Start of Exercise material

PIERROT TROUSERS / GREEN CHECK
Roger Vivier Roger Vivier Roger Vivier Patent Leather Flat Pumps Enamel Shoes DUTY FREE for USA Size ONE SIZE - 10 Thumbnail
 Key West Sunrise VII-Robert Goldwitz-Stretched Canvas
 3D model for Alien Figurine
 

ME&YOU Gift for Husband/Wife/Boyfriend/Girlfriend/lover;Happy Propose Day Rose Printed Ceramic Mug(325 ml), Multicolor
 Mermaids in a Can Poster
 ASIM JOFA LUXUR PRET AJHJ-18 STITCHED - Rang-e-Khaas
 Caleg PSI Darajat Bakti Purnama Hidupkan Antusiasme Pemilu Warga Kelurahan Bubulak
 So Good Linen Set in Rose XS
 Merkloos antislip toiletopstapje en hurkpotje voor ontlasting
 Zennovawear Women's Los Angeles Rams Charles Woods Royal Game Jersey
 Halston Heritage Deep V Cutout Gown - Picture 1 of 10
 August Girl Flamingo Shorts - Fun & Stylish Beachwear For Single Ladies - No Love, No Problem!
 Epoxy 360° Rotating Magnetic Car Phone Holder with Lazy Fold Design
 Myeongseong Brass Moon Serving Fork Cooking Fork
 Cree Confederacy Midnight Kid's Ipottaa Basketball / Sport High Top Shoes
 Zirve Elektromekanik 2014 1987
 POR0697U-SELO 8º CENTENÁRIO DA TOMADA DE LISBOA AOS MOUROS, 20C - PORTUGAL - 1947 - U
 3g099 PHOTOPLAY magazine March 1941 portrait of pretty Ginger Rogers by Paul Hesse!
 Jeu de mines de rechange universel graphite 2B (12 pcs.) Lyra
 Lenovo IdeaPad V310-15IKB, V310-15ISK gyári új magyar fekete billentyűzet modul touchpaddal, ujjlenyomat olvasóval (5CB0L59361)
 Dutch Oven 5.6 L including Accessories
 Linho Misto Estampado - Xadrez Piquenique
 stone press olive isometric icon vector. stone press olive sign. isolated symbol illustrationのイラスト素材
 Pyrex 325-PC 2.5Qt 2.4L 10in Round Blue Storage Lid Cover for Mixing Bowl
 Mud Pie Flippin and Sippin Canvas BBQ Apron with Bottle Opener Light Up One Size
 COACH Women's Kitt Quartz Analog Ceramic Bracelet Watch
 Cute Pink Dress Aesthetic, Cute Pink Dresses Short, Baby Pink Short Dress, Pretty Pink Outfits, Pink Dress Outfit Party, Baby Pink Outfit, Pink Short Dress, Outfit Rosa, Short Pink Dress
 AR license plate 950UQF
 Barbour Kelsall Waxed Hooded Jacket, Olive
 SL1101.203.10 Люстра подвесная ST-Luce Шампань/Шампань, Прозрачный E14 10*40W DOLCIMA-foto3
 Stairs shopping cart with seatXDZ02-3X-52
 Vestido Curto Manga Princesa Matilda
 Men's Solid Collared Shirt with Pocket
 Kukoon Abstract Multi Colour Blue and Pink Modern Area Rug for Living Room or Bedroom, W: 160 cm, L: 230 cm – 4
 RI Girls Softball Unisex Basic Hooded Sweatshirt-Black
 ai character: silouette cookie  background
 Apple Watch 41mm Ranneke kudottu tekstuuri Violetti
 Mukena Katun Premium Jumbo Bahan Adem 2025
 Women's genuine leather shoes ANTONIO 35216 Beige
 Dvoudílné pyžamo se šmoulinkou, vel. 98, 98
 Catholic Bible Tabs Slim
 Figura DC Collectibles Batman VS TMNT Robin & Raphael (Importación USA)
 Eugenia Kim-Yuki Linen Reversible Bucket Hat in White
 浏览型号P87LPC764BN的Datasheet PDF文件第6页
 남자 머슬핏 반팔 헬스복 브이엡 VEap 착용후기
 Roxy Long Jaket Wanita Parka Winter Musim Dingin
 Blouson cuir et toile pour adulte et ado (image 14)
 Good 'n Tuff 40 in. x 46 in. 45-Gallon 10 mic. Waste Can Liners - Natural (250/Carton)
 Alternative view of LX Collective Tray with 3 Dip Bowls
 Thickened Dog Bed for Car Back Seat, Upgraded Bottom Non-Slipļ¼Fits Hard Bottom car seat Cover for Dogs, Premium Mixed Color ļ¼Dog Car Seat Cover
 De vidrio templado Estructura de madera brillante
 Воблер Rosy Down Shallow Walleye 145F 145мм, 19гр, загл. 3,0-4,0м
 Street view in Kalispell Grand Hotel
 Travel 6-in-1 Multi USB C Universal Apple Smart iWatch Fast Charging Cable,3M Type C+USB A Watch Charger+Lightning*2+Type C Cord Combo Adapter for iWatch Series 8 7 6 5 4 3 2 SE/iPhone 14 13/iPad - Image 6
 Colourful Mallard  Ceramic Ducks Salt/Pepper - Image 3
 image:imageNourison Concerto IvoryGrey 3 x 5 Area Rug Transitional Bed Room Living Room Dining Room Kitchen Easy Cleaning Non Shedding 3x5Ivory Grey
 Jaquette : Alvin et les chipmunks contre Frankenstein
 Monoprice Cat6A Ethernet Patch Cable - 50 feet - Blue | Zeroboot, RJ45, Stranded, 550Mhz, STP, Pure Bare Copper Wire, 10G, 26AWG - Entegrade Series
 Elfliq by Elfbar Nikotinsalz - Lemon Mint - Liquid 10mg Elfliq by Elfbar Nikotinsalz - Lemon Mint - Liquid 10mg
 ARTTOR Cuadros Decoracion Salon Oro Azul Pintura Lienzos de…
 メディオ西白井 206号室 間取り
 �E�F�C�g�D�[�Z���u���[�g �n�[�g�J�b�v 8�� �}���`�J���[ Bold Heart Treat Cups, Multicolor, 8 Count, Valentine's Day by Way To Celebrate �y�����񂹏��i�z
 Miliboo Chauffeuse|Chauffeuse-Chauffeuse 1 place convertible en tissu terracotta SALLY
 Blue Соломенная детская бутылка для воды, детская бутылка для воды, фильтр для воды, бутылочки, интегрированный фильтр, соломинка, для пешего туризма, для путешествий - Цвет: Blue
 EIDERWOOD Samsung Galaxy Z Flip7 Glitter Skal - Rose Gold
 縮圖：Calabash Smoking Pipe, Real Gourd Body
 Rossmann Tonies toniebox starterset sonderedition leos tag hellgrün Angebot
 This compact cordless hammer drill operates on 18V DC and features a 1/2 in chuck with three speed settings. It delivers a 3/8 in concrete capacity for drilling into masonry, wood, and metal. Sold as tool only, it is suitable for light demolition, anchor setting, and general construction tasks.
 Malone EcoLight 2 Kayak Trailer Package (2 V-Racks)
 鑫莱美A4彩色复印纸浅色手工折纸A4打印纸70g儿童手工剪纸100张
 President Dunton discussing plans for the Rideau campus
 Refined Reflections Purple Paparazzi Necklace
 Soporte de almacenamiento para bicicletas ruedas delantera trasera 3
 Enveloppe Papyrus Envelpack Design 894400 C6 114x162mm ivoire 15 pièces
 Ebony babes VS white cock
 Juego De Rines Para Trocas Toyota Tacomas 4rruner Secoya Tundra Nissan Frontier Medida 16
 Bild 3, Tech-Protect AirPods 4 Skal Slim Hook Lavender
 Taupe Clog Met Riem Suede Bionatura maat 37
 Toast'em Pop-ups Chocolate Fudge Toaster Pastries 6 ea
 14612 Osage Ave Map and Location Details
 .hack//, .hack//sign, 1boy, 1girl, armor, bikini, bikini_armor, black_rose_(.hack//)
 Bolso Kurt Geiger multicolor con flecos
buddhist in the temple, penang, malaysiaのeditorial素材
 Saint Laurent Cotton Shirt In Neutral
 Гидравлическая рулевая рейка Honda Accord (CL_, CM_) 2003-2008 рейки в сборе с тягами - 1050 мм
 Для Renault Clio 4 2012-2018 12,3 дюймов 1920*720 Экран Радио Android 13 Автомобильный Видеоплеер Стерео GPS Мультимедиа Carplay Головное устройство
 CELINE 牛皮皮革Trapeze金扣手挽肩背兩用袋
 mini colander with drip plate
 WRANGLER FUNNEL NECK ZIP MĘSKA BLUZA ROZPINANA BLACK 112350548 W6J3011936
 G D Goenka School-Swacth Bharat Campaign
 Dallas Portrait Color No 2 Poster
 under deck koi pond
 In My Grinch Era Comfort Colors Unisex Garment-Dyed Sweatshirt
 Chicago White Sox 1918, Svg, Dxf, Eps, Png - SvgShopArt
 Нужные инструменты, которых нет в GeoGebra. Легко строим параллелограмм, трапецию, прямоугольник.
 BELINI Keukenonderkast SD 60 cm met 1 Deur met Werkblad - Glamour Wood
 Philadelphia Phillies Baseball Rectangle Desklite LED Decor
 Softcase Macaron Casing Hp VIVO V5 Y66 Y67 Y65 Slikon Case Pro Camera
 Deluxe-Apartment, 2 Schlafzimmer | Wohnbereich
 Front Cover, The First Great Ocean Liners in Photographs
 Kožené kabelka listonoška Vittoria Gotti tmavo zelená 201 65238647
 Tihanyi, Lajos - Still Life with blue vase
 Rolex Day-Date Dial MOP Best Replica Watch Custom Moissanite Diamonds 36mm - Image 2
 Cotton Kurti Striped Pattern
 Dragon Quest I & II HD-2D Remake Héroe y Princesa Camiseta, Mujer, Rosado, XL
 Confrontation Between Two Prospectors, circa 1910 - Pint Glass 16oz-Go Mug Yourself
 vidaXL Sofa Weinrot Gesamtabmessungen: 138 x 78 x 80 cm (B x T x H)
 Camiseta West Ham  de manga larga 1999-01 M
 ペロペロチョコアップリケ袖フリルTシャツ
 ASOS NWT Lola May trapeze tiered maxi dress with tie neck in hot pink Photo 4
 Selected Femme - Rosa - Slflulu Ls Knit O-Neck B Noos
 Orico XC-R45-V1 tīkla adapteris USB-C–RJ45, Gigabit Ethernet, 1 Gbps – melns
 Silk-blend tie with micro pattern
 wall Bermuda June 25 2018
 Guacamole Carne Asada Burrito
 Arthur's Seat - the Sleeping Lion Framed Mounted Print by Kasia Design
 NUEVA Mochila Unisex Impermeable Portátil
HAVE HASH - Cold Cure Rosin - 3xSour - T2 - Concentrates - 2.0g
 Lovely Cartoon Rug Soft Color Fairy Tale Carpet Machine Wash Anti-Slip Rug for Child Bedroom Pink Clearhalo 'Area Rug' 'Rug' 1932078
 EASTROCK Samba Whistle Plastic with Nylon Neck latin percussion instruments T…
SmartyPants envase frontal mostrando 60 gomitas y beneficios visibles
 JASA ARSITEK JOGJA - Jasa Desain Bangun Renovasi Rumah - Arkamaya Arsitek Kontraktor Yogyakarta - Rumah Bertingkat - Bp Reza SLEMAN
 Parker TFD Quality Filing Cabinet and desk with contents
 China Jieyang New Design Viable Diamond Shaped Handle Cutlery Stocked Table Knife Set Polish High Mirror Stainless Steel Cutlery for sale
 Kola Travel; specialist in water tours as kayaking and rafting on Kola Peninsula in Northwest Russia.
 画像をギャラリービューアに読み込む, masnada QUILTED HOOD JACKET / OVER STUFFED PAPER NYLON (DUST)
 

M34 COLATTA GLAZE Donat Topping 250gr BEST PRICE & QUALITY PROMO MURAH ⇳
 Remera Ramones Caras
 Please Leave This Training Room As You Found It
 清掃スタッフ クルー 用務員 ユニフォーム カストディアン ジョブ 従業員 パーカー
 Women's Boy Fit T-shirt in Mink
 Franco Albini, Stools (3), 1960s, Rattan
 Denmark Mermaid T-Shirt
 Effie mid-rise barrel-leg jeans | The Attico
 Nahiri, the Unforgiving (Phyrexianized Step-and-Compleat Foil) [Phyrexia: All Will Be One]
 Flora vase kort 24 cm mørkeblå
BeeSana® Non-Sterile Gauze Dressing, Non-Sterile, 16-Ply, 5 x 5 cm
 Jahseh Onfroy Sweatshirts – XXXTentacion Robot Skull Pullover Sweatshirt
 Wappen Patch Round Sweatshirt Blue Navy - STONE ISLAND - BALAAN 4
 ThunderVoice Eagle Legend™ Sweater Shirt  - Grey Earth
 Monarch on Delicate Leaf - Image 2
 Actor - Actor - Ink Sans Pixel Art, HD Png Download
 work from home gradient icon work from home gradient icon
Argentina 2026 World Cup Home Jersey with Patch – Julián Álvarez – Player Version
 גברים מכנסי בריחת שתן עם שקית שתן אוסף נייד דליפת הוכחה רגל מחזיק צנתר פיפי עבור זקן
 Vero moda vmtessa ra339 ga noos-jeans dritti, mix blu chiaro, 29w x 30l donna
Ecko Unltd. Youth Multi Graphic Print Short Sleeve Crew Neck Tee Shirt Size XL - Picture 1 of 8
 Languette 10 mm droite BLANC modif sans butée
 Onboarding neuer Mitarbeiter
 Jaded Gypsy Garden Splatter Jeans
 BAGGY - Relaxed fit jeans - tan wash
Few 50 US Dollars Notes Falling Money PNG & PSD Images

End of Exercise material

Work required:
Return the span of lines in the data above that opens at the line with "Eugenia Kim-Yuki Linen" and closes at the line with "Alternative view of", exactly, ends included, nothing else.

Answer below:
 Eugenia Kim-Yuki Linen Reversible Bucket Hat in White
 浏览型号P87LPC764BN的Datasheet PDF文件第6页
 남자 머슬핏 반팔 헬스복 브이엡 VEap 착용후기
 Roxy Long Jaket Wanita Parka Winter Musim Dingin
 Blouson cuir et toile pour adulte et ado (image 14)
 Good 'n Tuff 40 in. x 46 in. 45-Gallon 10 mic. Waste Can Liners - Natural (250/Carton)
 Alternative view of LX Collective Tray with 3 Dip Bowls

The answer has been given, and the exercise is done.